## [Records contained in a dataset]
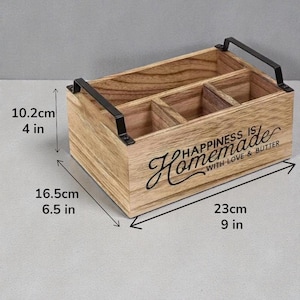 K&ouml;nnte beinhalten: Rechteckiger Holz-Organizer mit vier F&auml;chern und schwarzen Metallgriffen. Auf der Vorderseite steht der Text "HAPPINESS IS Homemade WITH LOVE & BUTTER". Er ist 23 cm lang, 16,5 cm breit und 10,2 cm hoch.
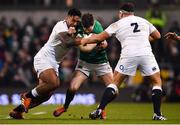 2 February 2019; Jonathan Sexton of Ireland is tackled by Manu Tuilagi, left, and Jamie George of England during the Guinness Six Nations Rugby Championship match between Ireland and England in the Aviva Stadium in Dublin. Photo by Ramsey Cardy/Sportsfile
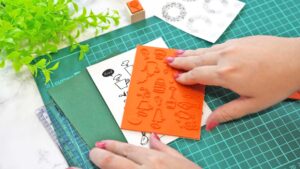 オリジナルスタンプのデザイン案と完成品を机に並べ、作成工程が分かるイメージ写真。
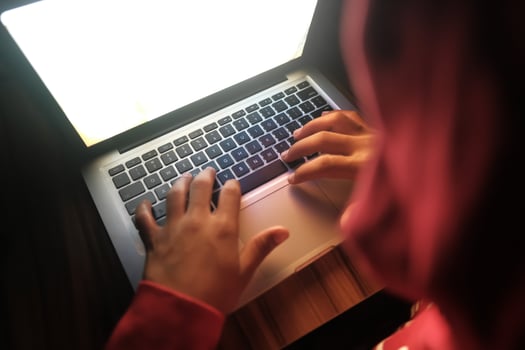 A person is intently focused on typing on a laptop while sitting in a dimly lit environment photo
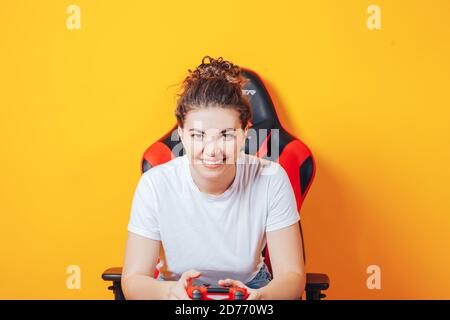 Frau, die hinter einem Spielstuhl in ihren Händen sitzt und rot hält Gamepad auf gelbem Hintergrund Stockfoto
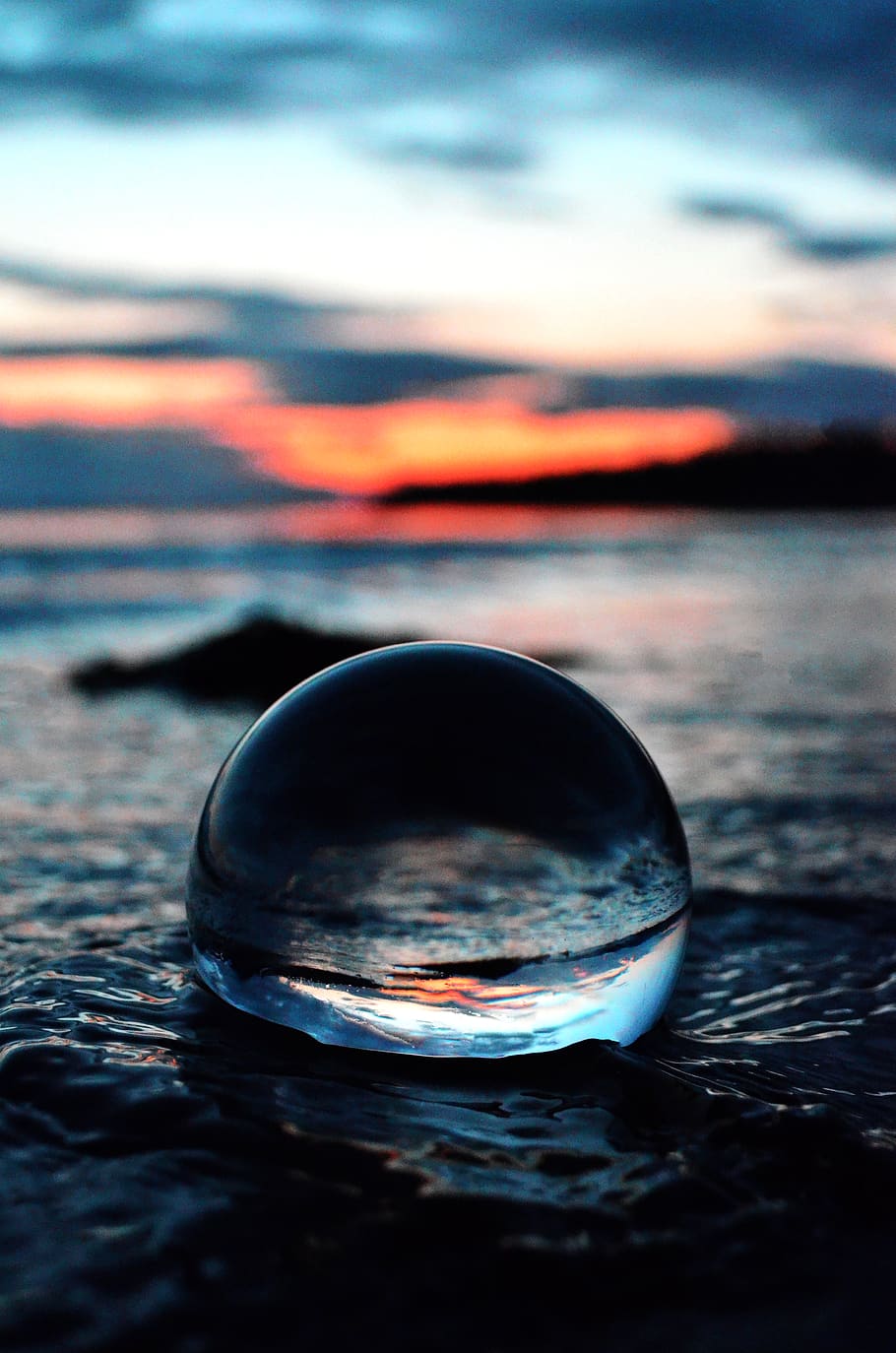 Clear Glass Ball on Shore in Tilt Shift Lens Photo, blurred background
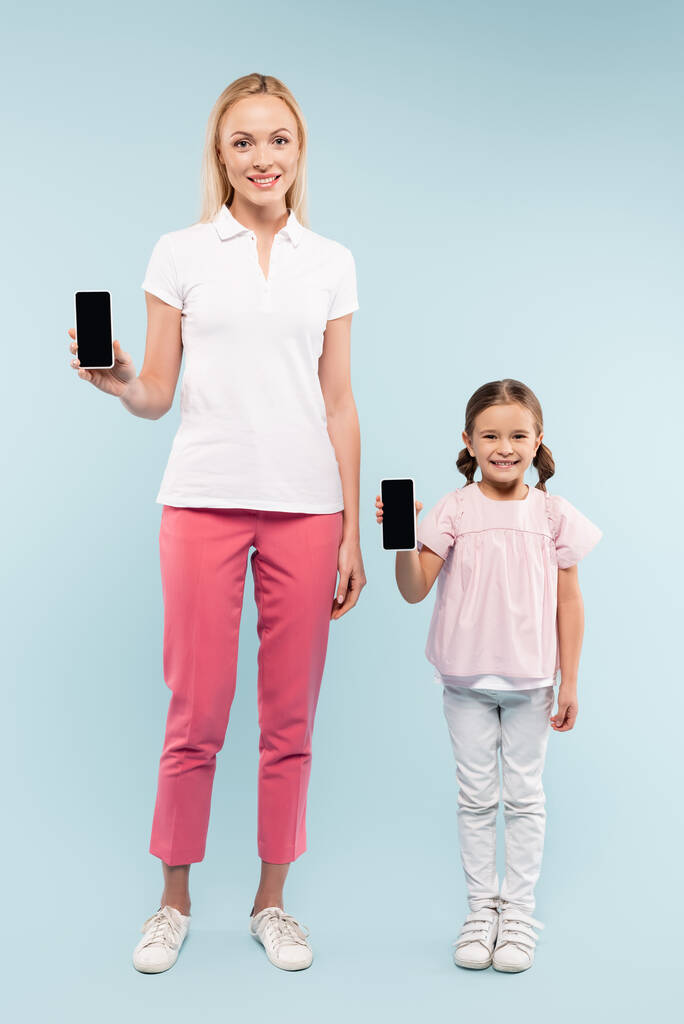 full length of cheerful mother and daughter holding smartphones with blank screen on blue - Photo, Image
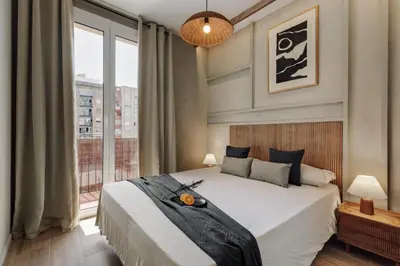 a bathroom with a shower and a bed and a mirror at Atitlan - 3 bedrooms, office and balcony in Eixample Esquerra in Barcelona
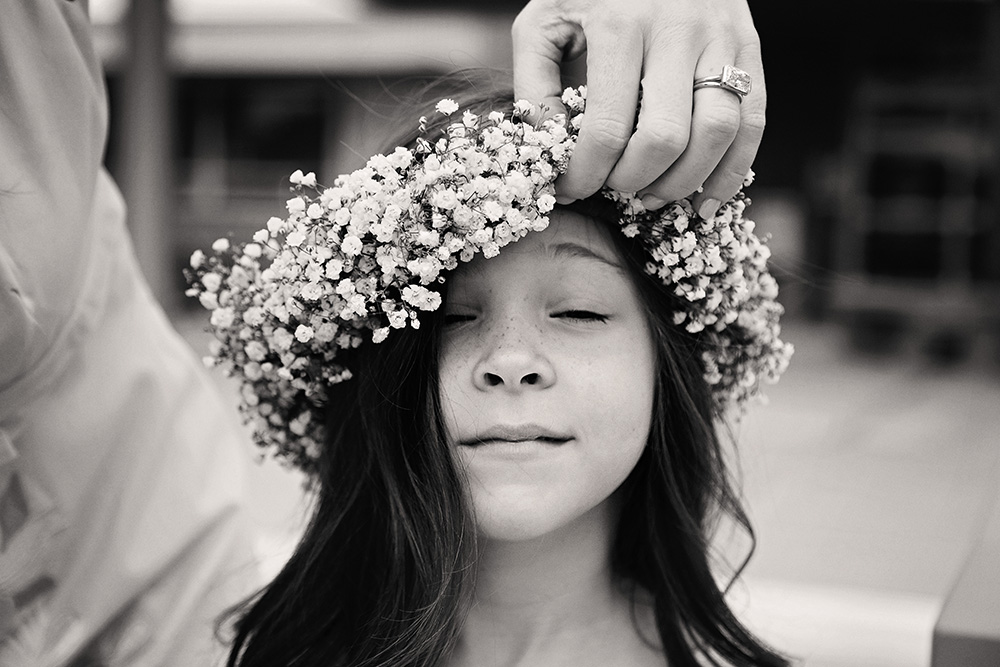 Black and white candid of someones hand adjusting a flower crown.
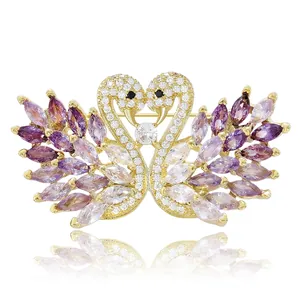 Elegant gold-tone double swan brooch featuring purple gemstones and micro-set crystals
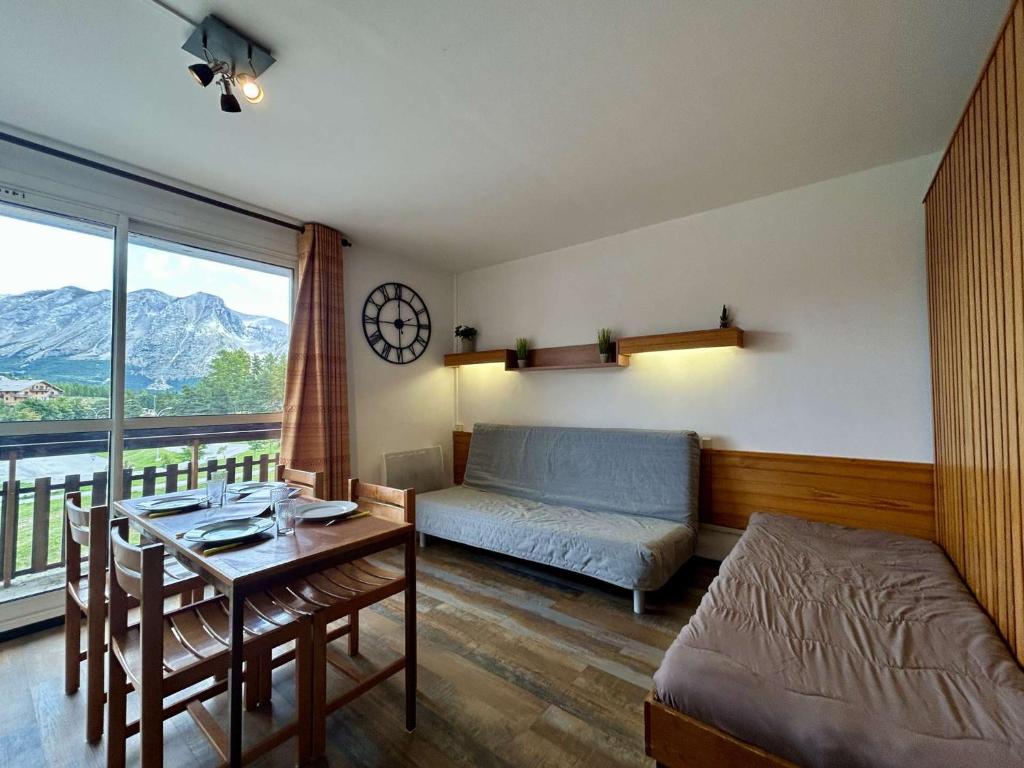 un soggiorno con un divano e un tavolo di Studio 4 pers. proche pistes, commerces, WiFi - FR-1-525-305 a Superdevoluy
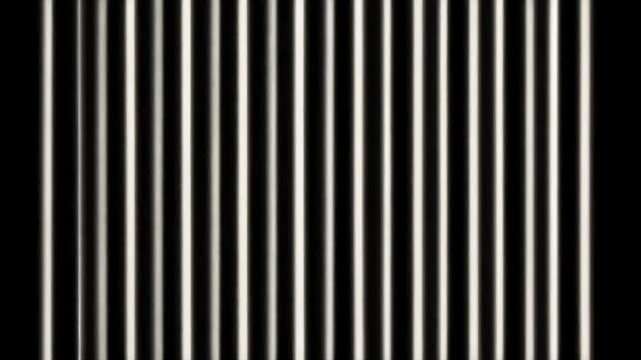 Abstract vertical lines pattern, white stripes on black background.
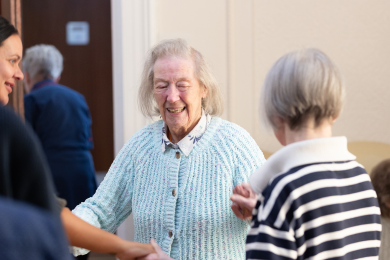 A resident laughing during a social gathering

## [Exercise requirements]
Please transcribe all of the records above exactly, leaving out any pictures.

## [Solution for this problem]
 K&ouml;nnte beinhalten: Rechteckiger Holz-Organizer mit vier F&auml;chern und schwarzen Metallgriffen. Auf der Vorderseite steht der Text "HAPPINESS IS Homemade WITH LOVE & BUTTER". Er ist 23 cm lang, 16,5 cm breit und 10,2 cm hoch.
 2 February 2019; Jonathan Sexton of Ireland is tackled by Manu Tuilagi, left, and Jamie George of England during the Guinness Six Nations Rugby Championship match between Ireland and England in the Aviva Stadium in Dublin. Photo by Ramsey Cardy/Sportsfile
 オリジナルスタンプのデザイン案と完成品を机に並べ、作成工程が分かるイメージ写真。
 A person is intently focused on typing on a laptop while sitting in a dimly lit environment photo
 Frau, die hinter einem Spielstuhl in ihren Händen sitzt und rot hält Gamepad auf gelbem Hintergrund Stockfoto
 Clear Glass Ball on Shore in Tilt Shift Lens Photo, blurred background
 full length of cheerful mother and daughter holding smartphones with blank screen on blue - Photo, Image
 a bathroom with a shower and a bed and a mirror at Atitlan - 3 bedrooms, office and balcony in Eixample Esquerra in Barcelona
 Black and white candid of someones hand adjusting a flower crown.
 Elegant gold-tone double swan brooch featuring purple gemstones and micro-set crystals
 un soggiorno con un divano e un tavolo di Studio 4 pers. proche pistes, commerces, WiFi - FR-1-525-305 a Superdevoluy
 Abstract vertical lines pattern, white stripes on black background.
 A resident laughing during a social gathering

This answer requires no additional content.